An application of ‘IHttpClientFactory‘ is accessible for generating HttpClient instances. The factory performs the following.

  • Renders a central area for naming and configuring logical instances of HttpClient. For instance, get registered and configured a specific GitHub client to access GitHub. For other purposes, get registered and configured a default client.
  • Assists in registration and chaining of various delegating controllers to develop an outgoing middleware pipeline of requests. This structure is similar to the inbound middleware pipeline of ASP.NETCore. This pattern contributes a mechanism to handle cross-cutting interests for HTTP requests, including caching, error controlling, logging, and serialization.
  • Controls the pooling and duration of underlying instances ‘HttpClientHandler‘ to prevent genuine DNS errors that happen while manually controlling HttpClientlifetimes.
  • Combines with a third-party library ‘Polly’ for transient error controlling.
  • Includes configurable logging knowledge through ‘ILogger‘ for all requests transmitted through clients established by the factory.

XII) Content root

The content root is the primary path for the following.

  • The executable file for hosting the app (.exe).
  • The Webroot, commonly the wwwroot folder.
  • Compiled assemblies that constitute the app (.dll).
  • Content files utilized by the app, such as Razor files (.cshtml, .razor), Data files (.db), and Configuration files (.json, .xml).

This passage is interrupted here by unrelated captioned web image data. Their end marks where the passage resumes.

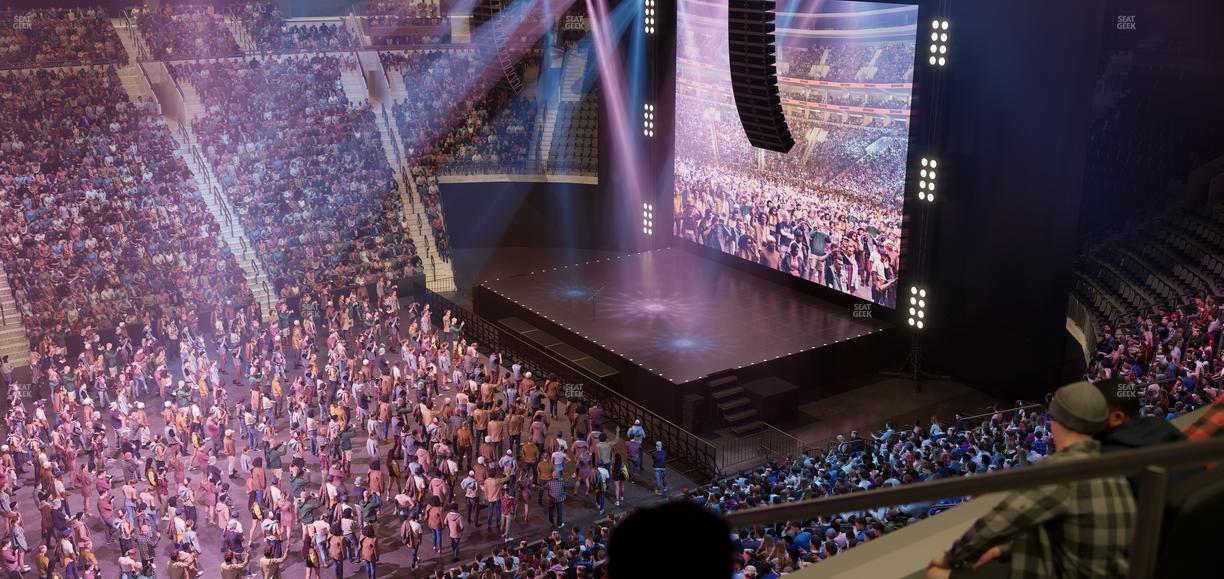 Xfinity Mobile Arena - Section Luxury Suite 1 Seat View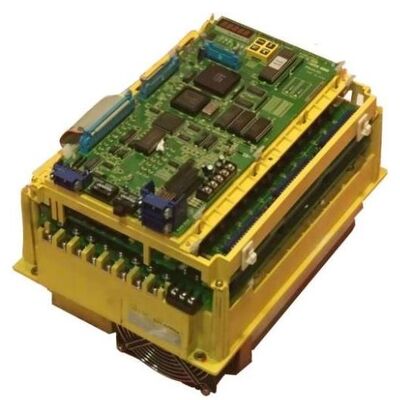 FANUC A06B-6064-H202 Azionamento Amplificatore Mandrino AC per Macchine CNC con Motori Mandrino 1S / 2S e Protezione da Surriscaldamento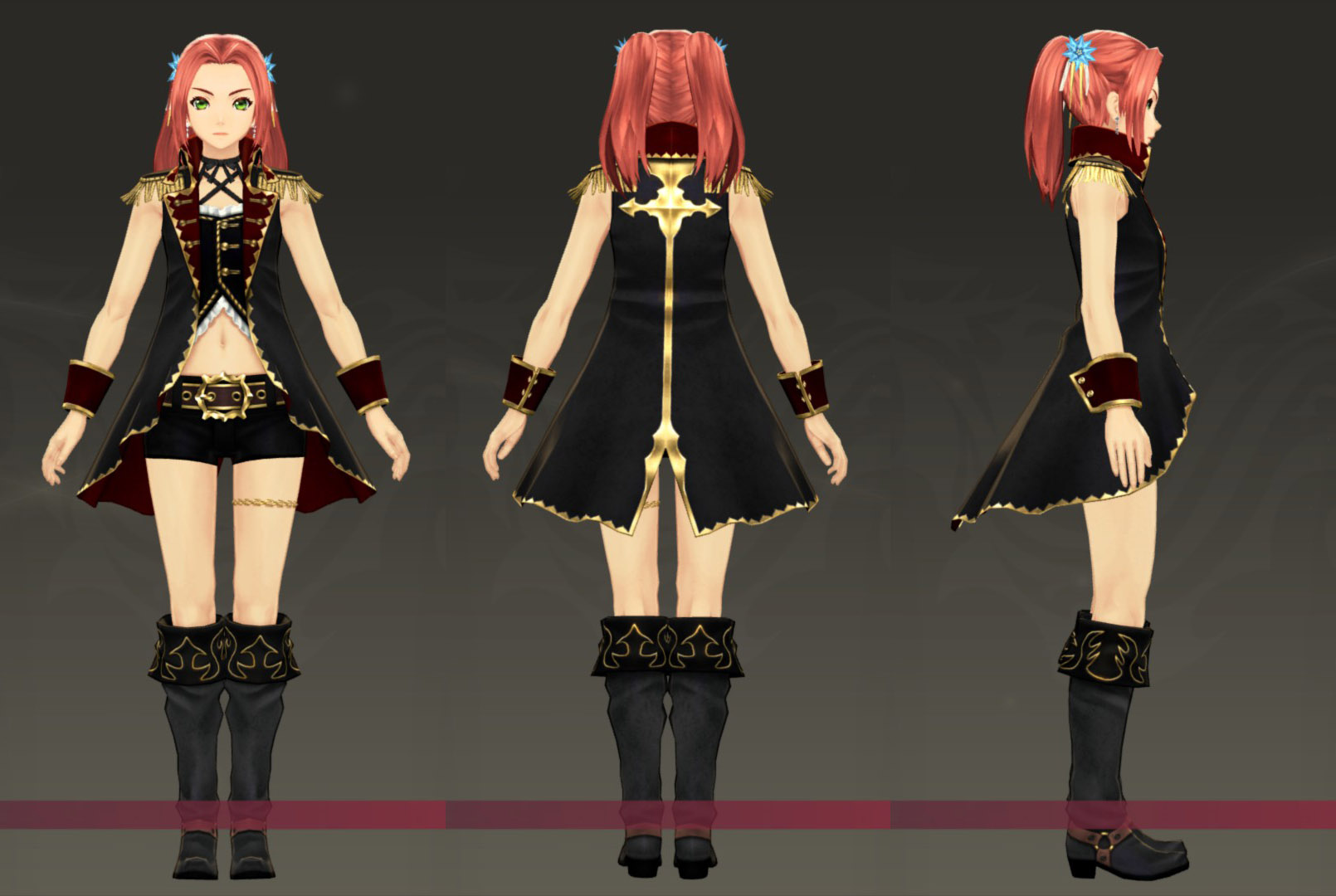 Spilnota Steam Posibnik Mod Eleanor S Pirate Outfit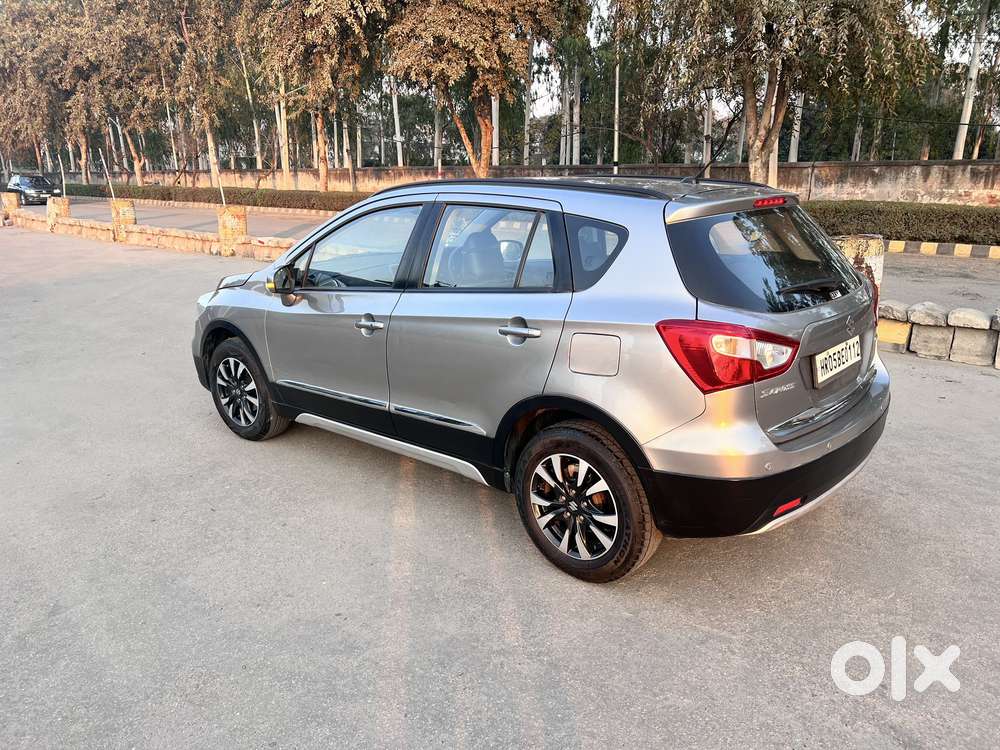 Maruti Suzuki S-cross 1.5 Zeta, 2021, Petrol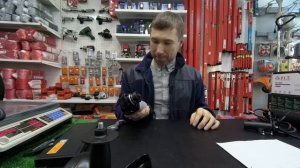 УШМ Интерскол УШМ-125 900 - распаковка. Бытовые болгарки 0,8 -1 квт. Серия № 3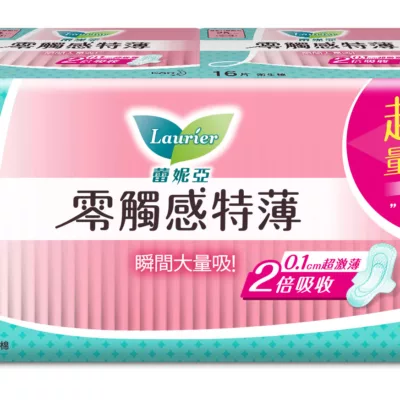 蕾妮亞零觸感特薄量多日用加長25cm16片
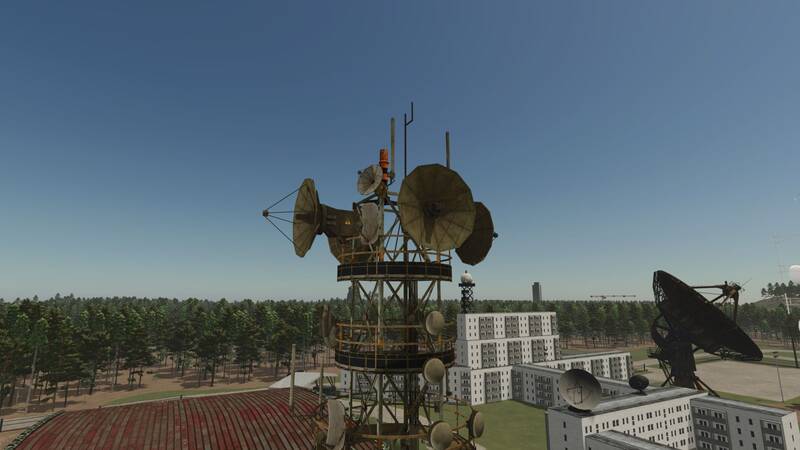 Military Antenna - Thumbnail 1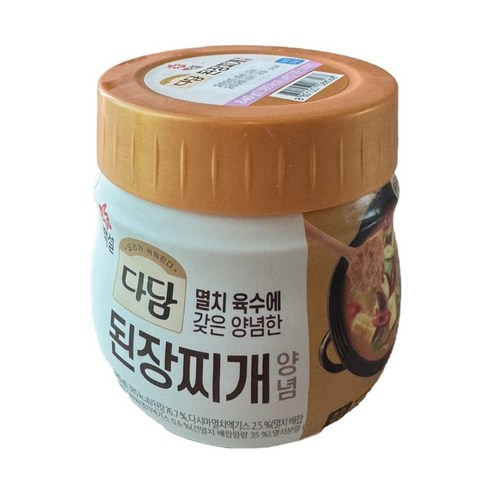 다담 된장찌개840gx1개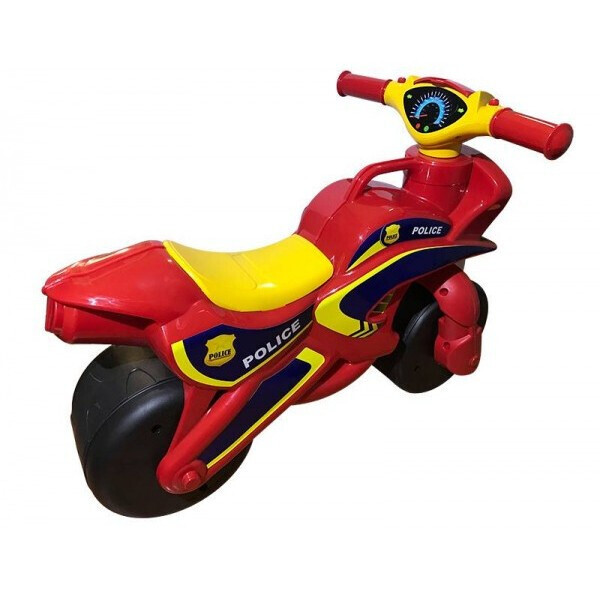 

Детский двухколесный беговел DOLONI TOYS Полицейский Байк 0138/560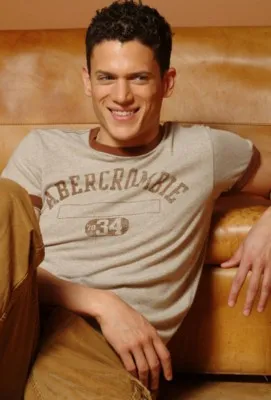 Wentworth Miller Men's V-Neck T-Shirt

At the time of development, the content root directs to the root directory of the project by default. This directory is also the primary path for both the content files of the app and the Webroot. Set its path to mention a separate content root while developing the host.

XIII) Webroot

The web root is the primary path for public, static resource files including Stylesheets (.css), Images (.png, .jpg), and JavaScript (.js).

Generally, static files are provided only from the directory of webroot and its sub-directories. The web root path would be content root/wwwroot) by default. At the time of building the host, just mention another web root by writing its path.

You can restrict publishing files in wwwroot through the ‘<Content> project item’ in that project file. The following example has shown how to restrict publishing content in the directory ‘wwwroot/local’ and its sub-directories: 

In Razor ‘.cshtml‘ files, ~/ refers to the web root. A path starting with ~/ is determined as a virtual path.

Wrapping Up

Hope, the above article will give some valuable idea about various latest features like middle ware and dependency injections, etc, of ASP.net core. The developers will be able to develop the best competitive ASP.net core apps in comparison to other programming languages. The developers will definitely enjoy the development environment with these new features.